Exercise:
In the records below, take the line with "Costa Lima Arquitectos）" and all lines after it, and copy them exactly, pictures excluded.

(Image-text web data)
__________

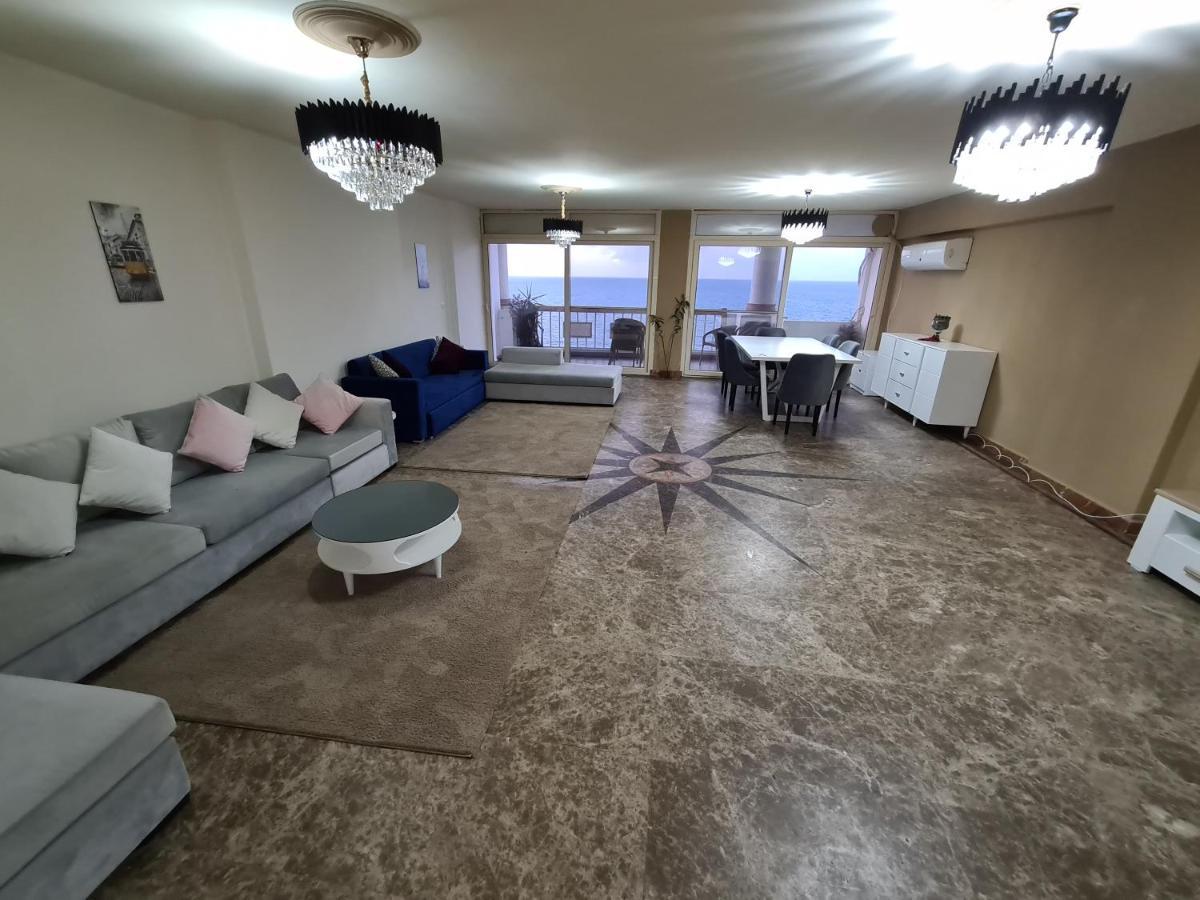 Midpoint Sea View - Families Only Apartment Александрия Екстериор снимка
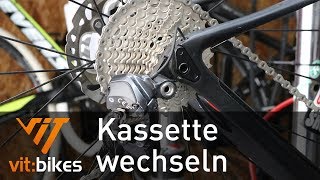 Wie wechsel ich eine Fahrradkassette  vitbikesTV 152 [upl. by Nirehtak]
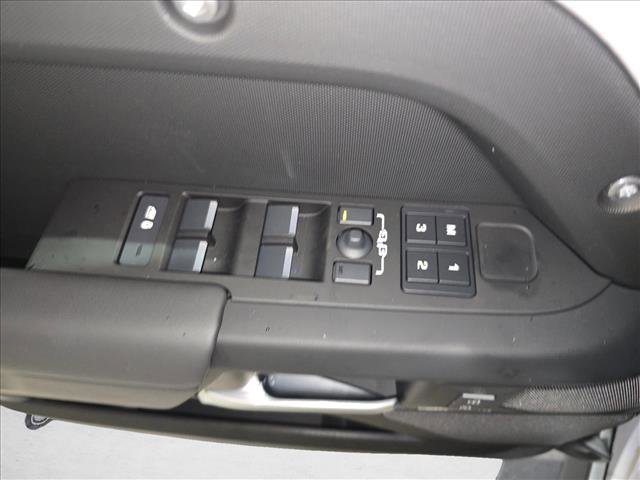 New 2026 Land Rover Defender 130 S image 26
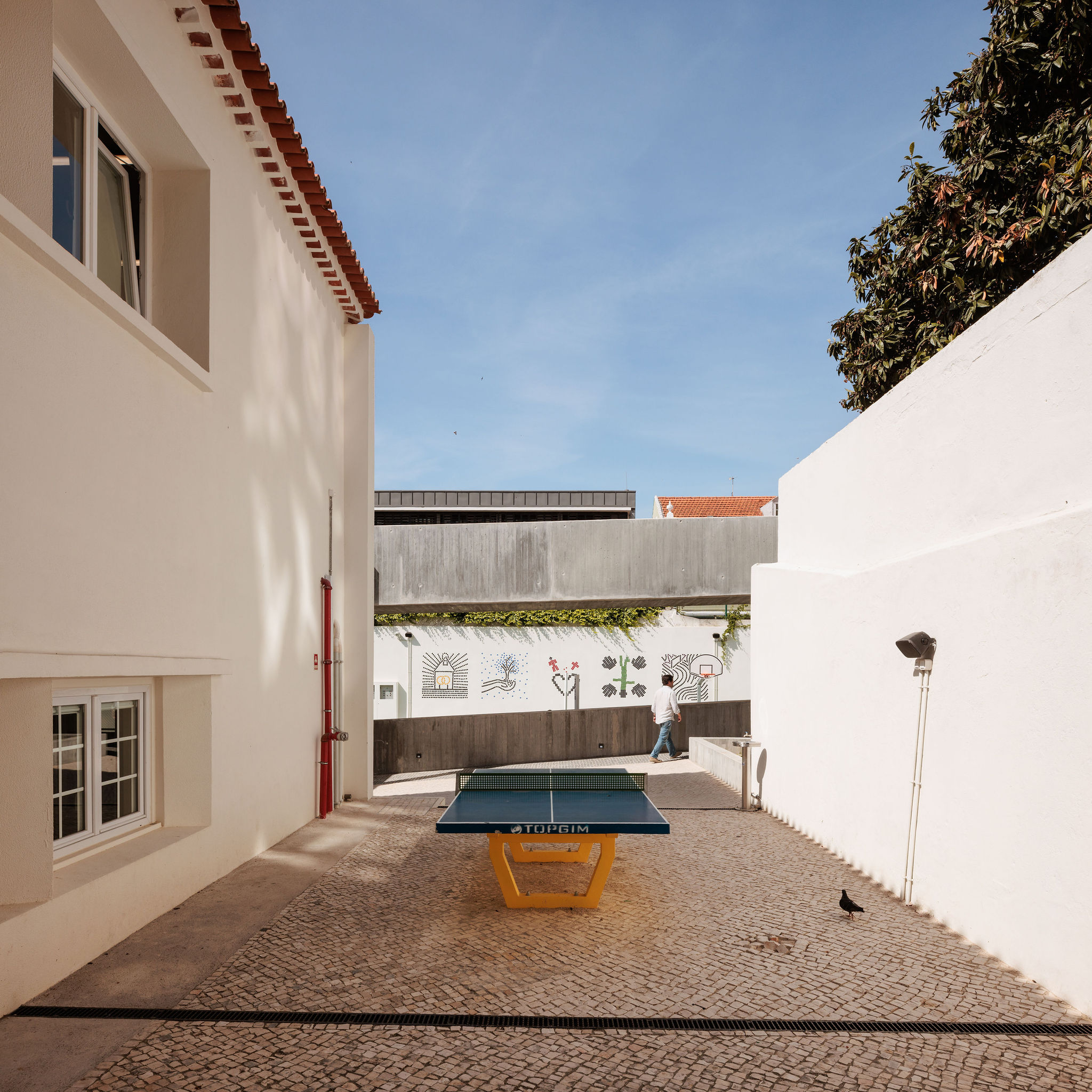 〈サンタ・マリア・カレッジ（Colégio de Santa Maria）〉アントニオ・コスタ・リマ・アーキテクツ（António Costa Lima Arquitectos）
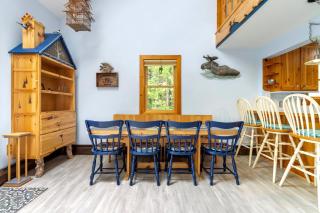 Waterfront with Kayaks SUPs and Ping Pong Table - Spang Mills - 2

__________

Task answer:
 〈サンタ・マリア・カレッジ（Colégio de Santa Maria）〉アントニオ・コスタ・リマ・アーキテクツ（António Costa Lima Arquitectos）
 Waterfront with Kayaks SUPs and Ping Pong Table - Spang Mills - 2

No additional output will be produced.